Lieu mal-aimé, un peu ringard, souvent trop éclairé et ironiquement sale.
Pourtant, ça reste un lieu fabuleux. Un lieu qui ne te juge pas : vas-y en pyj, avec ton haleine matinale, apportes-y tes vieux magazines, tes travaux en retard, ta guitare, ton chat, who cares? On est tous égaux là-bas.
Viens t’y réchauffer l’hiver en attendant ton bus qui ne passe pas. Apporte tes tourments, tu as le temps maintenant. Le temps d’un cycle, tu peux réfléchir ou maudire la vie. Tu peux pester contre l’humanité à la buanderie, tu peux même synchroniser tes cris avec le vrombissement lourd des machines. Tu peux aussi te laisser bercer par leur symphonie. Je m’y sens bien. Là, tout est facile. Tout suit son cours. Tout est fluide.
La buanderie, c’est un champ de lavande. Odeur métallique florale. Sensation de chaleur et de réconfort. La buanderie, c’est un peu comme ta grand-mère.
Les machines sont cutes, elles font semblant qu’elles ont différents types de cycles à te proposer.
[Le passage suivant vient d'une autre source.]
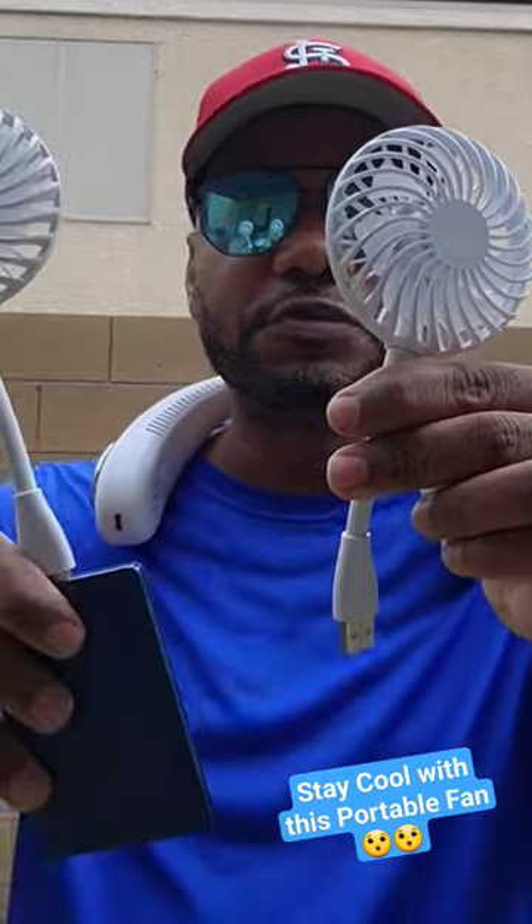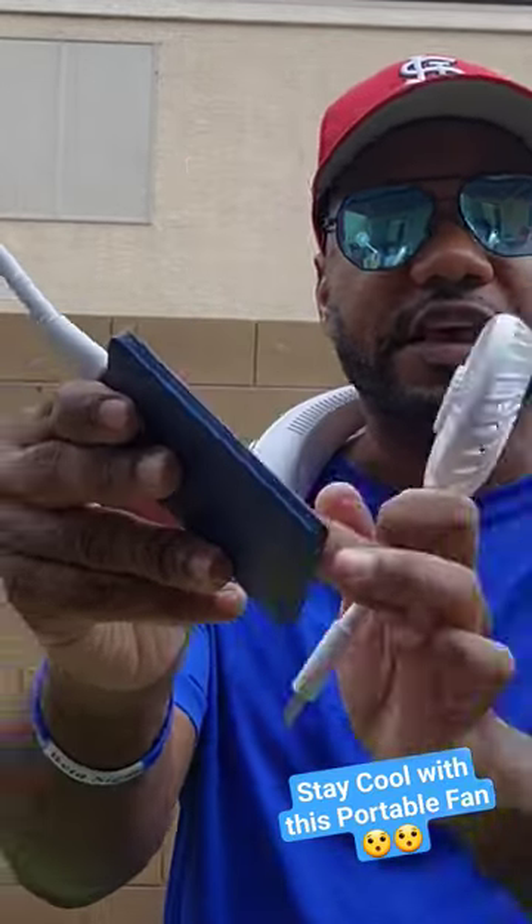Or if you're out with someone who didn't plan for the heat like you did and you want to be nice, you can let them borrow this and use your external battery. And if you got another external battery, the more the merrier — you can have both of these fans being used separately, attached to a plug outlet or attached to a battery.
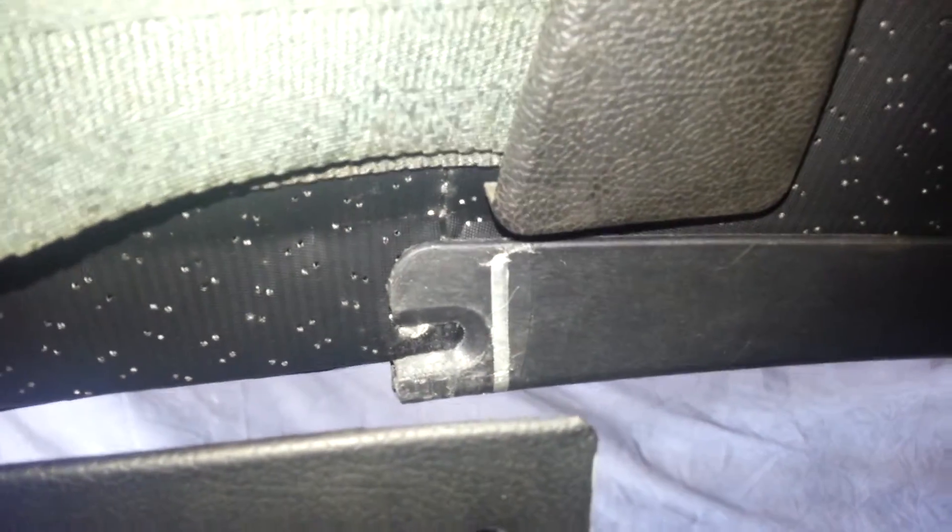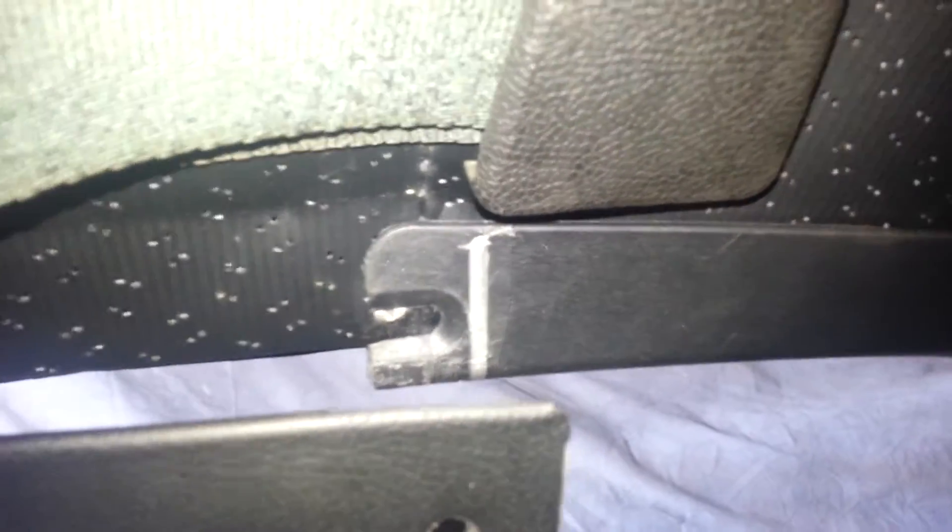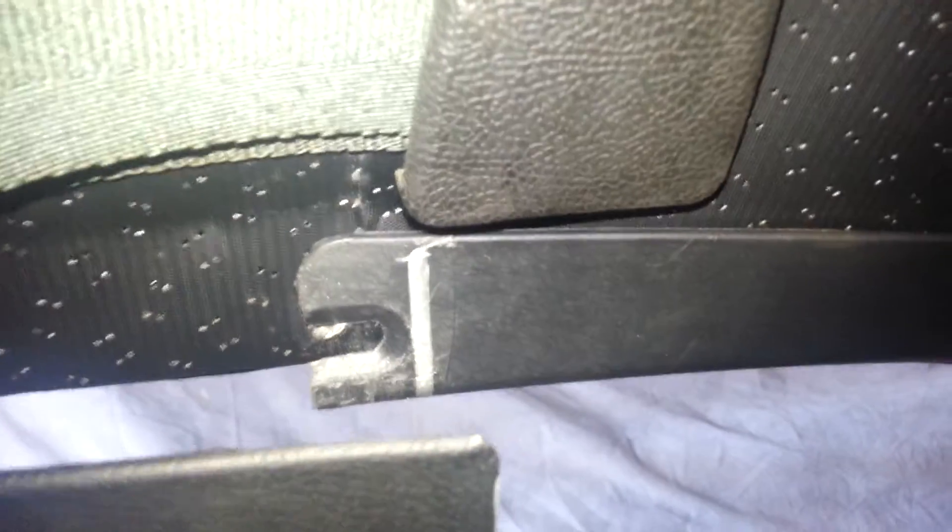Our concern with the length needing to be longer above the door glass is because with the metal molding installed, it is right at the very edge of the recess for the screw hole. If that recess wasn't pronounced like that, or if the whole A-pillar trim was lengthened a few millimeters, it would leave more of a border.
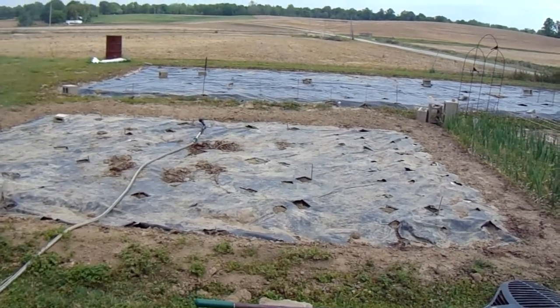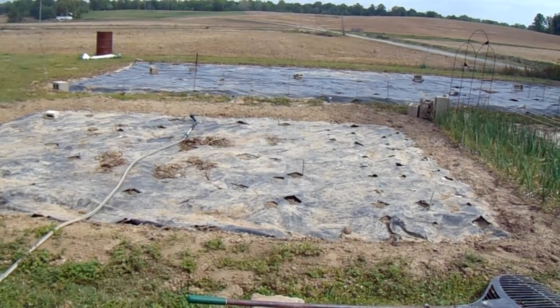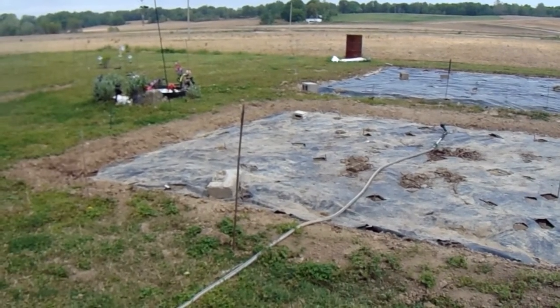It's windy out here, overcast — looks like rain, though. They're not saying rain till Friday, like three o'clock in the morning Friday. The sun comes out tomorrow.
Tu joues le jeu, tu sélectionnes “couleur” même si tu fais une brassée de noir et blanc. Tu le sais que ça va rien changer, tu ne veux juste pas les froisser.
Pis si tu t’attardes, tu verras que les machines sont toutes singulières, chacune a sa propre personnalité.
Tu as celle qui a abdiqué, celle qui est cleptomane, celle qui fonctionne même si son capot est ouvert, pis tu as celle qui n’en finit plus d’agoniser en poussant d’horribles cris stridents. Tu as celle aussi qui shake, beaucoup, surtout à l’essorage. Des fois pour passer le temps, j’ y organise des courses de cennes sur son capot : la reine contre le castor. La reine contre l’ours etc. La reine gagne souvent.
Je sais, la route vers la buanderie est pleine d’embûches. Il faut d’abord trainer sa carcasse dehors, affronter Mère Nature avec 2-3 sacs qui laissent tomber une à une tes vielles bobettes du dimanche. Au moins, tu ne risques pas de te perdre au retour.
La buanderie, c’est un sanctuaire, tu peux y rêvasser, tu peux enfin penser.
Tu peux y écrire une nouvelle, toucher à nouveau un crayon et un papier. Tu peux même y tomber amoureux, ou bien croire que tu peux y tomber amoureux, ou bien écrire une nouvelle de quelqu’un qui y tombe amoureux. C’est un espace romantique, on est à nu, on est nous-mêmes, sans artifices, francs, un peu moches, mais beaux, car vrais.
À quand un speed dating au son des sécheuses?
25 cennes de chaleur par rencontre. 1$ d’assouplisseur si tu me plais. 50 cennes d’eau de javel si tu ne me plais pas. C’est mieux que de swiper à gauche ou à droite.
Je vais peut-être à la buanderie, car je ne veux pas être seul. Parce que je m’ennuie de vous. Parce que je veux contempler mon quartier, m’y mêler, m’y brasser. J’y vais peut-être pour avoir l’impression qu’au fond, même quand je me sens comme une vieille chaussette bleue ou fringuant comme un veston noir, la machine ne fait pas la différence.